If you look different than the general population then you will have problems.

People with different colored skin are discriminated against. Especially since Donald Trump is president, people are using that as an excuse to say racially charged things. Edgar also said “Since Donald Trump is in office it makes it a lot less safe for people like me to walk the streets without being questioned or people yelling hateful things.” People who look racially different are afraid to walk the streets because they fear that hate crimes will be committed against them.

I never had to deal with that. I could never know what that is like because I would never be made fun of for being white in America.

50% of hispanic adults were born in the United States according to Gallup.

According to CBS, white Americans are asking Mexican Americans if they are “ready to go back to where they came from”. The most hurtful things are said to Mexican Americans  for example “Can you even speak speak English?” and “Nobody cares for your kind, you’re hardly human just an animal.” If you are white you don’t get this kind of discrimination. Even if you are an immigrant you don’t get nearly as much if any discrimination. Solely based off of the color of your skin.

I would never hear someone discriminate against my race because they assume I was born in America. “People ask me all the time if I’m legal, especially since the election” says my co worker Julio. He has a very heavy spanish accent and his first language is spanish but he is a citizen of America. He’s just not white.

Even though racial inequality has lessened a lot in the past 100 years, there is still a lot that goes on. Personally I know that being an immigrant and also being white makes everything a lot easier.

I have lived here for 10 years and have never been discriminated against or told to go back to where I came from.

People just assume that we were born in America because we are white.

It was very easy for us to get a green card and citizenship. It was easy for my parents to find work, it was easy to get my sister and I into school, it was easy for us to get a house in a nice neighborhood. Just because we are white.

If you happened to immigrate from somewhere like Mexico imagine what you would face everyday. You would would face a lot of difficulties in all aspects of life. You would have issue finding jobs, you would get discrimination and hateful words from people who don’t even know you.  Even if you were an illegal immigrant, as long as you are white you would have a pretty easy life.
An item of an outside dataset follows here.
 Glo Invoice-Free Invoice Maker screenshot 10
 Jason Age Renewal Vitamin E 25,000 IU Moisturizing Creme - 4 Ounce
If you were a citizen but Mexican you would be more likely suspected of being illegal. People would make rude remarks about you having to go back across the border or now “back over the wall”. It would probably be more difficult to get a job and it would be a lot more difficult to get a green card.

In reality, this problem is probably never going to go away. With the president that we have and some of the remarks he makes about mexican immigrants gets other people to feel the same way publicly. It can be a dangerous place for hispanic people here. Only because they can’t change the way they look. They were born that way just like I was born white and in Canada.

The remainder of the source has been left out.